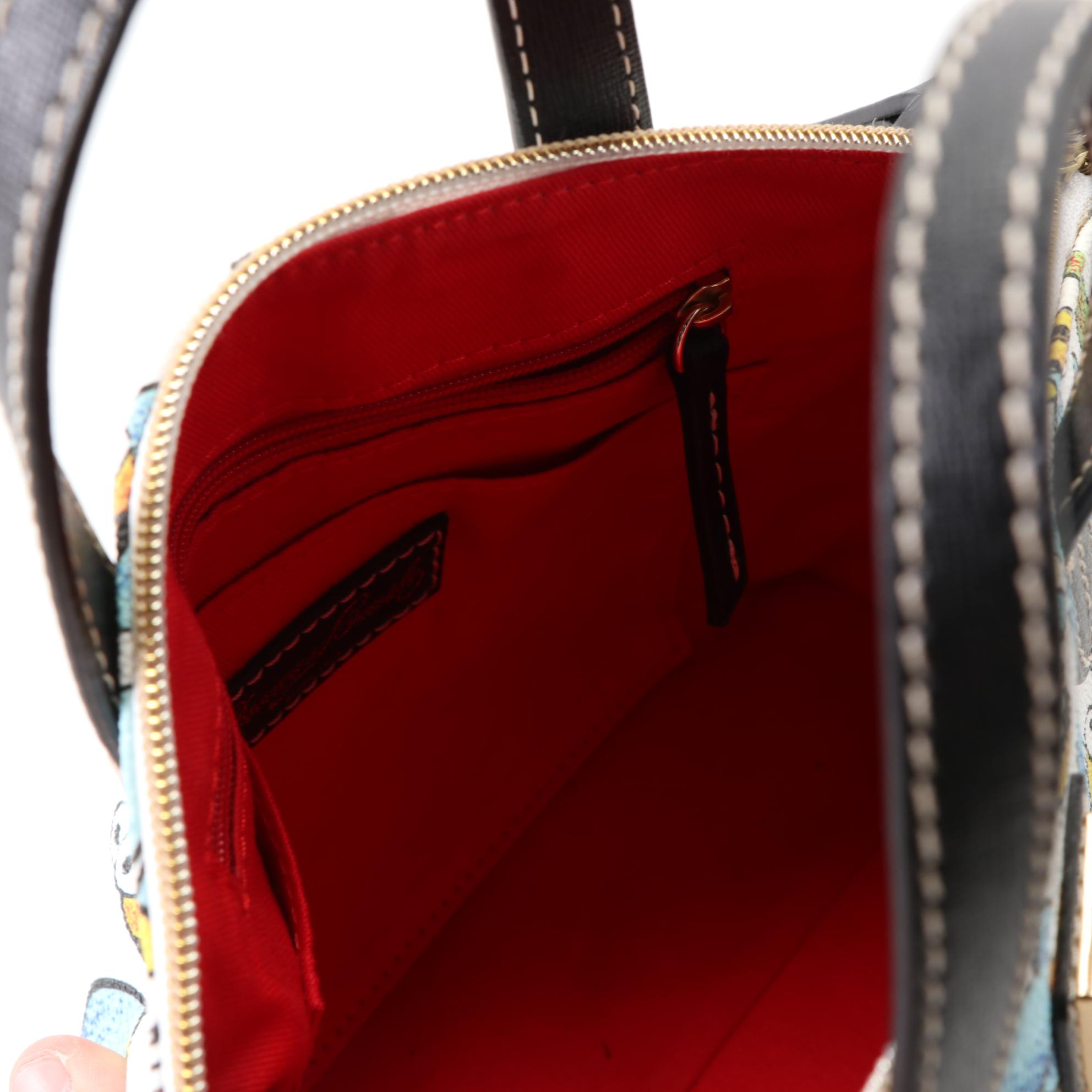 Dooney & Bourke Bumble Bee Motif Coated Canvas and Leather Bags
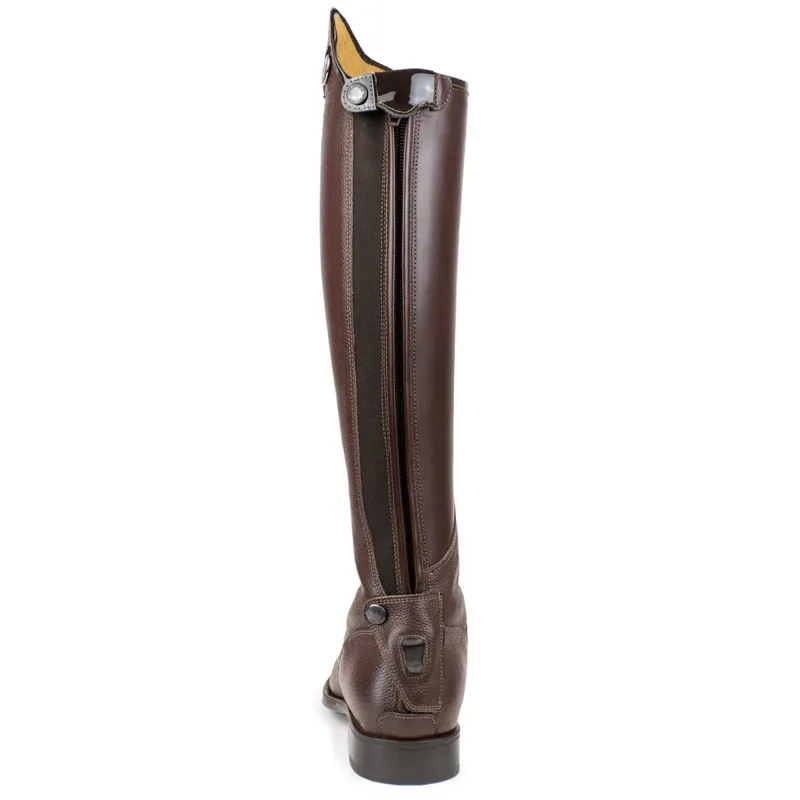DeNiro Salentino Regal Laced Boots with Zip Guards - Quick Brown/Brown-2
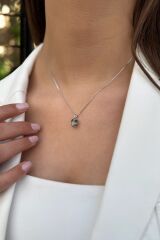 14 AYAR 3,04 CT MİSTİK TOPAZ VE PIRLANTA TAŞLI ALTIN KOLYE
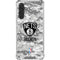 NBA Brooklyn Nets Digi Camo Galaxy A17 Clear Case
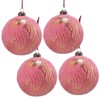 Syemin Decorative Objects Christmas Ball Ornaments Glass Decorative Hanging Ball Christmas Tree Ornaments Decorations Set of 4, Red, 4.7"*4.7"*4.7" - 2 of 4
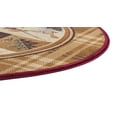 thumbnail image 5 of Novelty Area Rug (7'10'' Round) Lodge Brown, Beige Indoor Round Easy to Clean, 5 of 6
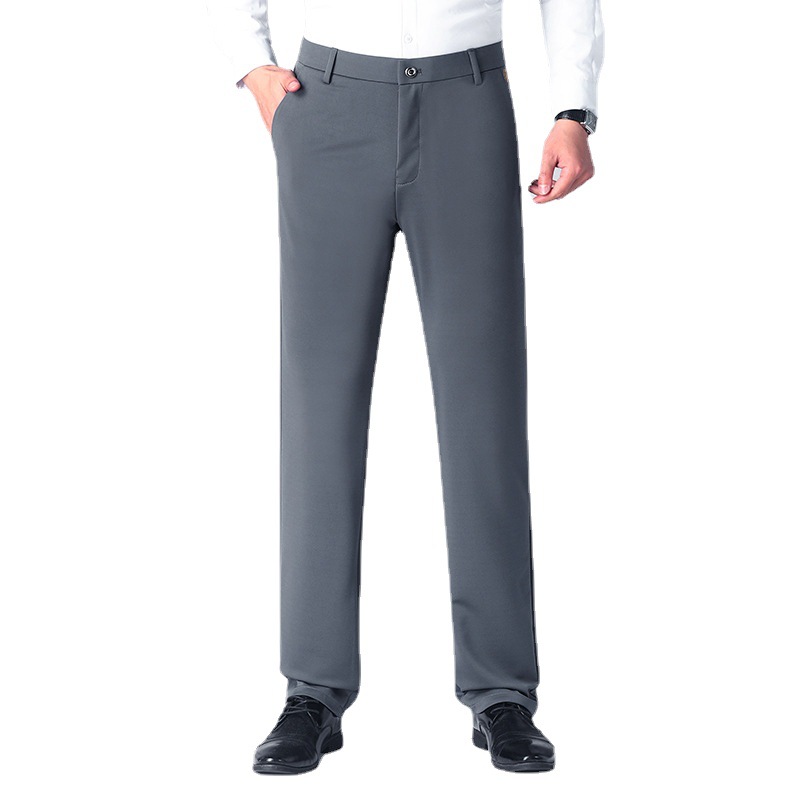 Men's Straight Casual Pants Men's 2023 New Middle-aged Loose Pants Men's Middle-aged and Old Dad Pants Men's Spring and Autumn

######

Could the data above be copied out exactly, with no pictures kept?

ANSWER AREA
 Dooney & Bourke Bumble Bee Motif Coated Canvas and Leather Bags
DeNiro Salentino Regal Laced Boots with Zip Guards - Quick Brown/Brown-2
 14 AYAR 3,04 CT MİSTİK TOPAZ VE PIRLANTA TAŞLI ALTIN KOLYE
 NBA Brooklyn Nets Digi Camo Galaxy A17 Clear Case
 Syemin Decorative Objects Christmas Ball Ornaments Glass Decorative Hanging Ball Christmas Tree Ornaments Decorations Set of 4, Red, 4.7"*4.7"*4.7" - 2 of 4
 thumbnail image 5 of Novelty Area Rug (7'10'' Round) Lodge Brown, Beige Indoor Round Easy to Clean, 5 of 6
 Men's Straight Casual Pants Men's 2023 New Middle-aged Loose Pants Men's Middle-aged and Old Dad Pants Men's Spring and Autumn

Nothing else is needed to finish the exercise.